* EXERCISE DETAILS
Quote precisely the final stretch of the listing: start at the line containing "Set di Scacchi" and stop after the last line.

Segment Open

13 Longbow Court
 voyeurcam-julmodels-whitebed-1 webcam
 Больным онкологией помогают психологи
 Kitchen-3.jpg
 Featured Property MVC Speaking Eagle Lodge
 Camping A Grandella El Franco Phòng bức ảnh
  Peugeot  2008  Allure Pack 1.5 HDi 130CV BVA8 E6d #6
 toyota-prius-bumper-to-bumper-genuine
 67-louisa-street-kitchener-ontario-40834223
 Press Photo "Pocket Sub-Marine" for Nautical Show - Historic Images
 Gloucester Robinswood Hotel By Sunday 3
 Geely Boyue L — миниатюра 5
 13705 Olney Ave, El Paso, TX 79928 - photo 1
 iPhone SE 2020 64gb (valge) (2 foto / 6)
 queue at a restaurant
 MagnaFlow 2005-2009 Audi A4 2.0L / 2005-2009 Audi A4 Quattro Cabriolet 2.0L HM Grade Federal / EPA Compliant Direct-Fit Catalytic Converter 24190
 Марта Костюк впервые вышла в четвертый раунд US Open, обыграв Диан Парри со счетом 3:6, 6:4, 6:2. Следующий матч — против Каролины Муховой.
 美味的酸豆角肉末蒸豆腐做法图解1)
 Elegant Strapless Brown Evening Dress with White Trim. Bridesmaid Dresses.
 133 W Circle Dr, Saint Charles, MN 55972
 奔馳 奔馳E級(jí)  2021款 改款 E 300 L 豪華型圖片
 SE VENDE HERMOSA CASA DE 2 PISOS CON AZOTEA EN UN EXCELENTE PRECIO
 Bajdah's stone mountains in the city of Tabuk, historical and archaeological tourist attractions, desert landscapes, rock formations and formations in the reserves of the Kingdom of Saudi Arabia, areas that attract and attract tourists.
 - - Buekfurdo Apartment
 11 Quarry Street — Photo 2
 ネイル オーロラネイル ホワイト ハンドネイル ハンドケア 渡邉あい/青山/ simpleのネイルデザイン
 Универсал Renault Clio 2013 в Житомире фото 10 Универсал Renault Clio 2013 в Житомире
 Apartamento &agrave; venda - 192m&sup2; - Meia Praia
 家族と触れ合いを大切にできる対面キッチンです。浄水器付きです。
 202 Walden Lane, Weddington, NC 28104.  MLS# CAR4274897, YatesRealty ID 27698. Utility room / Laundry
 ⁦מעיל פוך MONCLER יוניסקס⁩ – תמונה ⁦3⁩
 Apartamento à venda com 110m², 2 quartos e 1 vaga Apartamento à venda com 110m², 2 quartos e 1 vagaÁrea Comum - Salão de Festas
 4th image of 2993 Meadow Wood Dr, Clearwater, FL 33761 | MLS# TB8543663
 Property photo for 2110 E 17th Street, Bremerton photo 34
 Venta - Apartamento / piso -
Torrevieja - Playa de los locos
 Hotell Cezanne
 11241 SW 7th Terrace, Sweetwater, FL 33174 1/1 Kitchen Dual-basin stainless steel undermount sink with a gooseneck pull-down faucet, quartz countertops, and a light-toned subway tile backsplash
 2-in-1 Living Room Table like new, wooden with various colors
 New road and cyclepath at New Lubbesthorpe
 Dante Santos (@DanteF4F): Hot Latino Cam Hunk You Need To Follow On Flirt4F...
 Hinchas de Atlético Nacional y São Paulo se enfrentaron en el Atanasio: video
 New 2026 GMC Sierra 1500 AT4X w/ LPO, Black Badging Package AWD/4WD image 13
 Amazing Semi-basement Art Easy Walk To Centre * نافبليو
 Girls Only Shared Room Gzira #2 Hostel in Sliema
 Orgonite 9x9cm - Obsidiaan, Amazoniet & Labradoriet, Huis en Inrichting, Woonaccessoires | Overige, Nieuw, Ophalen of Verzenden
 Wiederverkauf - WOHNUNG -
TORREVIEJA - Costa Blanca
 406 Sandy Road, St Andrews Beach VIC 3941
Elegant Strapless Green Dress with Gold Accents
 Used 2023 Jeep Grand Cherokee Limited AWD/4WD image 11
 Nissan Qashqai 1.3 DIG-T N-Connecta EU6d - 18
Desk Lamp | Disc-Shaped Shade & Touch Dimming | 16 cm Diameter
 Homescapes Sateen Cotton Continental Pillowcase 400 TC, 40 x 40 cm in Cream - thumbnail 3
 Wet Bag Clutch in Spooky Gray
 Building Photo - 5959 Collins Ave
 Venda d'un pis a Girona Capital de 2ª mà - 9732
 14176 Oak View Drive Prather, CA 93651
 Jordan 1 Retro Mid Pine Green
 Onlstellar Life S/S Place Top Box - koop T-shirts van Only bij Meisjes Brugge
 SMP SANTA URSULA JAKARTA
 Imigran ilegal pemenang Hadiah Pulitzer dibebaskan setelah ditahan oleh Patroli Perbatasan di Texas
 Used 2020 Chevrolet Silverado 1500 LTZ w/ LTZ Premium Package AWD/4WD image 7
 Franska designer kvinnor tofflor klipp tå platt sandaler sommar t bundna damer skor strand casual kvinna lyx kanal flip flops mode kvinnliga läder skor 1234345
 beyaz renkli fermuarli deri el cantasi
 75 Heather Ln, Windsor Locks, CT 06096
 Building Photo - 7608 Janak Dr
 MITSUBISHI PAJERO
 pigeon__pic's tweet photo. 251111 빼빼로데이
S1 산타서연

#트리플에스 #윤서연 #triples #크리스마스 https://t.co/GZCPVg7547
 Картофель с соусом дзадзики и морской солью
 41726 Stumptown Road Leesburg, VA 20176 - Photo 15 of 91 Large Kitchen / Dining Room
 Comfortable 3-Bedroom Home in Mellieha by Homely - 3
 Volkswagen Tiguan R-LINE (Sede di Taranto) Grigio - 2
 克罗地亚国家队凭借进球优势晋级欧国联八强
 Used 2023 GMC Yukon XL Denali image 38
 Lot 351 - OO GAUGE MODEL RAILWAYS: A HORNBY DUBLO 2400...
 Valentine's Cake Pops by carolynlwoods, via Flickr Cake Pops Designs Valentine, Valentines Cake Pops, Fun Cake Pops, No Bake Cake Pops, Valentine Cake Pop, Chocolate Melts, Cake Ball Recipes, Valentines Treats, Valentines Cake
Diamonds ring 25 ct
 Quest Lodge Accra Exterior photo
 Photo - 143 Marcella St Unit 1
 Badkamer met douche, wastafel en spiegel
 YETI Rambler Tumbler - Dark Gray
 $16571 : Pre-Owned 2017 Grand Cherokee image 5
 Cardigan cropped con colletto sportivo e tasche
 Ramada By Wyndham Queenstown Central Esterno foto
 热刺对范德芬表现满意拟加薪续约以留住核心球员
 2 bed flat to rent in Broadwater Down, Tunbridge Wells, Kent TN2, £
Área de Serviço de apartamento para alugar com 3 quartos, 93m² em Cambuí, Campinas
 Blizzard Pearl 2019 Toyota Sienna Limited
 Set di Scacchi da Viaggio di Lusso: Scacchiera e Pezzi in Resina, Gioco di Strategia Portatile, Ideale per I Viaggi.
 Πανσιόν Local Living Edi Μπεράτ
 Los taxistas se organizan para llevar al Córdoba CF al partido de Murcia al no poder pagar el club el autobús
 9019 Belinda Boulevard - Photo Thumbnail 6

Segment Closed

* RESPONSE AREA
 Set di Scacchi da Viaggio di Lusso: Scacchiera e Pezzi in Resina, Gioco di Strategia Portatile, Ideale per I Viaggi.
 Πανσιόν Local Living Edi Μπεράτ
 Los taxistas se organizan para llevar al Córdoba CF al partido de Murcia al no poder pagar el club el autobús
 9019 Belinda Boulevard - Photo Thumbnail 6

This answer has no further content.